Copy out nothing but the line containing "Racing car logo or icon vector illustration" and the lines that follow it to the end of the entries, exactly as they stand.

### GIVEN DATA ###

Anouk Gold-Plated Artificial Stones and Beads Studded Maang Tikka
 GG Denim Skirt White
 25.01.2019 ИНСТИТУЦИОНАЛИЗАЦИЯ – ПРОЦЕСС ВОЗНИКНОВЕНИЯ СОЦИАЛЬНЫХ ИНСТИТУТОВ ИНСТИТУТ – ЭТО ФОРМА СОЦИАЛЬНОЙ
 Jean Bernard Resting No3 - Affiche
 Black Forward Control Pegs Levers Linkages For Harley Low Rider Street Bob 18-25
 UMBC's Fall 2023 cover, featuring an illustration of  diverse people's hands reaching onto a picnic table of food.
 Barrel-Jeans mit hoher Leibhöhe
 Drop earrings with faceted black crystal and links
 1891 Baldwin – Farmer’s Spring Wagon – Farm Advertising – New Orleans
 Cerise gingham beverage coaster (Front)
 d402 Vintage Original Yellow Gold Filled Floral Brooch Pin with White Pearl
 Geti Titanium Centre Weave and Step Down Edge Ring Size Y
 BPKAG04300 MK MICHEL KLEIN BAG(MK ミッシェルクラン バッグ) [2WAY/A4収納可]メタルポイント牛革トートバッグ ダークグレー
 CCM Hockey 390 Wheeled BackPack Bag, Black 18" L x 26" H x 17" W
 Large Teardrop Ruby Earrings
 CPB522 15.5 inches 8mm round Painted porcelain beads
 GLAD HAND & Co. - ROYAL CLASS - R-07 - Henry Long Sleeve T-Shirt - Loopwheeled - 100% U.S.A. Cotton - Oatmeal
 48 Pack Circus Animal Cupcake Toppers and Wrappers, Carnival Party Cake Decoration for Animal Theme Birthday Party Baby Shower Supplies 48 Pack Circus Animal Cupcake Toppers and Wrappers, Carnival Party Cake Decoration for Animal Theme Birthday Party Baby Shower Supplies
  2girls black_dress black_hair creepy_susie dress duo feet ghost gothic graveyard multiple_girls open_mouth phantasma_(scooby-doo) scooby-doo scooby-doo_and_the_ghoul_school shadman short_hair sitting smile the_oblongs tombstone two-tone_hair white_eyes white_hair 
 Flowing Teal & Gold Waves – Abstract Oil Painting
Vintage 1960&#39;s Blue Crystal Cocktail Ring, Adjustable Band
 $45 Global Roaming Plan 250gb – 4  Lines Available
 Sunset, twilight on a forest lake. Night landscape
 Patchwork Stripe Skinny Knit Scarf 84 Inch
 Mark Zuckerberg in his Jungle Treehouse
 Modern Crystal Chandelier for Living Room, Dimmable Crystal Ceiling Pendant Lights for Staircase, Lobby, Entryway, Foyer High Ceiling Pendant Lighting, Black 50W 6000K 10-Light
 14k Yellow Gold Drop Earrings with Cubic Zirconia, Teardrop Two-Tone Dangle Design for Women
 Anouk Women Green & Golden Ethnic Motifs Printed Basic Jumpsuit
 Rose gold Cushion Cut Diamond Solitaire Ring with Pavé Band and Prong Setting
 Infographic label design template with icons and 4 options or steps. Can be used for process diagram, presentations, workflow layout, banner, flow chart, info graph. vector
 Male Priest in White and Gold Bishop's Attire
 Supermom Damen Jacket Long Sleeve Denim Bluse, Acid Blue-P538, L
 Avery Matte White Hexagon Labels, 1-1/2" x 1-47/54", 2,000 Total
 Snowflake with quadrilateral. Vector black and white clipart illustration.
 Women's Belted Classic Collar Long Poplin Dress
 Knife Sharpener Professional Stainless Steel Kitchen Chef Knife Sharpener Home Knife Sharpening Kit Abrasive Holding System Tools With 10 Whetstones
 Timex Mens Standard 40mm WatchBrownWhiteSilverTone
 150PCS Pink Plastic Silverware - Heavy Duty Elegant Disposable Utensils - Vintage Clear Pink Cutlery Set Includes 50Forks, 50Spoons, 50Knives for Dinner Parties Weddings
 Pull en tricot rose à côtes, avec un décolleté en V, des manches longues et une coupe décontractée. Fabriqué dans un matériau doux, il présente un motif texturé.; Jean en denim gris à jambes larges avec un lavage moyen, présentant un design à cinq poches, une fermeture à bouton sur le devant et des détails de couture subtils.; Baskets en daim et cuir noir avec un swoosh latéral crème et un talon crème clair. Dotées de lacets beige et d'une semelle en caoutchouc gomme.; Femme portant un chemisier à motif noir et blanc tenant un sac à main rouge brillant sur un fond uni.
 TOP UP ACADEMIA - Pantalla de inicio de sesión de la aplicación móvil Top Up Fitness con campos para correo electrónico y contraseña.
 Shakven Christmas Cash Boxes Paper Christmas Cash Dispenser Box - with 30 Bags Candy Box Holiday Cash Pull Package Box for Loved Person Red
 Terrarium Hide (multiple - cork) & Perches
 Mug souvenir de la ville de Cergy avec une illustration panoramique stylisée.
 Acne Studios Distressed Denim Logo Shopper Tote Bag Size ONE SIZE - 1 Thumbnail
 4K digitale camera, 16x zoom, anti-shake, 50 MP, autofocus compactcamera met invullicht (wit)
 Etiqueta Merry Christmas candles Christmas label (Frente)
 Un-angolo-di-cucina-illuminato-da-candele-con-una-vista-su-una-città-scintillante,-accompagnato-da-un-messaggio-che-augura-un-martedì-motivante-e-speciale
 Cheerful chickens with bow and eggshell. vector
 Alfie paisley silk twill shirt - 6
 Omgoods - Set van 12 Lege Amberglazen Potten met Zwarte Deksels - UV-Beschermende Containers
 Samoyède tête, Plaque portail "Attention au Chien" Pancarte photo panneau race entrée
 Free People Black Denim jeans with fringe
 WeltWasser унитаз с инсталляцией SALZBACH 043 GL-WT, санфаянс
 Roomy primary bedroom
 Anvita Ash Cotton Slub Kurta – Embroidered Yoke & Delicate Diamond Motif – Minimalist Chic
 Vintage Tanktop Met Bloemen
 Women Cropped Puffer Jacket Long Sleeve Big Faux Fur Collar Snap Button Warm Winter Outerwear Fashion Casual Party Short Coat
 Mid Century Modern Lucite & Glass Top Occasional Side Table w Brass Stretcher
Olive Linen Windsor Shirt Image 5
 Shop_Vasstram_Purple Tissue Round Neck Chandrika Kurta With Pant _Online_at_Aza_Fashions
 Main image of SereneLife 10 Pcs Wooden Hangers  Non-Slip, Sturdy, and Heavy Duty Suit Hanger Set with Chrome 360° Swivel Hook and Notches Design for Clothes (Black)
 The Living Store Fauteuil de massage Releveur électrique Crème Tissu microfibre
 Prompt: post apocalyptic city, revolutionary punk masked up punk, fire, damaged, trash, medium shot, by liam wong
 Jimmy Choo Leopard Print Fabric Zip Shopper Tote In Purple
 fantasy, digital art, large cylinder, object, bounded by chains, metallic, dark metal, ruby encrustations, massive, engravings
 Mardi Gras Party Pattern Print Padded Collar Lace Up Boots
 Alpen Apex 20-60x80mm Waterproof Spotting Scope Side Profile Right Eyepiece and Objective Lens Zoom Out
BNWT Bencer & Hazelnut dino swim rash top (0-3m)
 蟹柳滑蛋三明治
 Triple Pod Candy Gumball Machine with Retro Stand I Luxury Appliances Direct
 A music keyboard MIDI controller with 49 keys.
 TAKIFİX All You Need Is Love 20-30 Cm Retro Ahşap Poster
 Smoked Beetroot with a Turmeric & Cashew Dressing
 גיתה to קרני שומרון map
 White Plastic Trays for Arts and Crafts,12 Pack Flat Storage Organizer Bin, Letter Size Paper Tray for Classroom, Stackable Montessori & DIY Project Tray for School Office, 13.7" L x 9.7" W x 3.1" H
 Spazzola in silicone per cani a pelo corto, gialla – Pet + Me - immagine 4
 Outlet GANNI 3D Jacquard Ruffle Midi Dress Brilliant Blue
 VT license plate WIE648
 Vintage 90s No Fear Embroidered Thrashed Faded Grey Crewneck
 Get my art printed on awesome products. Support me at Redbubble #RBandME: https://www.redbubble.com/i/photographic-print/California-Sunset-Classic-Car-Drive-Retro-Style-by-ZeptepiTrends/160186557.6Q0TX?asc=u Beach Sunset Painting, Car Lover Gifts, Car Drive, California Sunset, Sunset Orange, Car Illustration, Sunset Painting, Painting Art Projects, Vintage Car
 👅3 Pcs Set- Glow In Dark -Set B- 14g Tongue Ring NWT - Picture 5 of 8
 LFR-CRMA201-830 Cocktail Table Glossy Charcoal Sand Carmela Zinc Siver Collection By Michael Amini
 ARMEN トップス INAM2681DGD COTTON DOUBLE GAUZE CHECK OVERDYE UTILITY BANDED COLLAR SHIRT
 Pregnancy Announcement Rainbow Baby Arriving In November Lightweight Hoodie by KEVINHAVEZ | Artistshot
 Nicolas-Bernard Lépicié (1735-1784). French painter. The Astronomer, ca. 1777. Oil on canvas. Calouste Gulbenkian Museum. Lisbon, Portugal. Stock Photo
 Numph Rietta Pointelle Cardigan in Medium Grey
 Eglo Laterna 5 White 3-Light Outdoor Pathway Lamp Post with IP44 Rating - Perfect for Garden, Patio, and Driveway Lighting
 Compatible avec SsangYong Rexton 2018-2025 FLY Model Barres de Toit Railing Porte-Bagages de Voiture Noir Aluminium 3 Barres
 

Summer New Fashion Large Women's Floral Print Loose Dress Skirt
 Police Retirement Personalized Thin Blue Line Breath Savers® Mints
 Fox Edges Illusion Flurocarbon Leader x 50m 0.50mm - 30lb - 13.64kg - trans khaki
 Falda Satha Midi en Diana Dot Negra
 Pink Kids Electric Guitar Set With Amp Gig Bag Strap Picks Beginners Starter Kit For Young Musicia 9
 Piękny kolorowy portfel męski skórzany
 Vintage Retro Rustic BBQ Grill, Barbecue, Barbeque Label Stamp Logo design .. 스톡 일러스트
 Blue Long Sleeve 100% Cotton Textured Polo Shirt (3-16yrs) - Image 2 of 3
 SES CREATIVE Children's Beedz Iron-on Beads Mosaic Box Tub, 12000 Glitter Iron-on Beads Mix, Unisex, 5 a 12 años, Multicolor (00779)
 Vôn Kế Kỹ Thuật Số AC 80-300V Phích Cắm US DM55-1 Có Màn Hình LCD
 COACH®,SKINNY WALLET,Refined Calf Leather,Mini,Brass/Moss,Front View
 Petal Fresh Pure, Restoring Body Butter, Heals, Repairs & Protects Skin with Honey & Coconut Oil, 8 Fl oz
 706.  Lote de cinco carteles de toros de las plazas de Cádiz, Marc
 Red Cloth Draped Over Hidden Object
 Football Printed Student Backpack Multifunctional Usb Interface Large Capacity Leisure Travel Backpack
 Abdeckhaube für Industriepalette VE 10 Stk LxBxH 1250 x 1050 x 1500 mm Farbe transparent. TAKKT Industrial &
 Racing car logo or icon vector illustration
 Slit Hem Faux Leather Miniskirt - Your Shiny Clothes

###

→ **OUTPUT**
 Racing car logo or icon vector illustration
 Slit Hem Faux Leather Miniskirt - Your Shiny Clothes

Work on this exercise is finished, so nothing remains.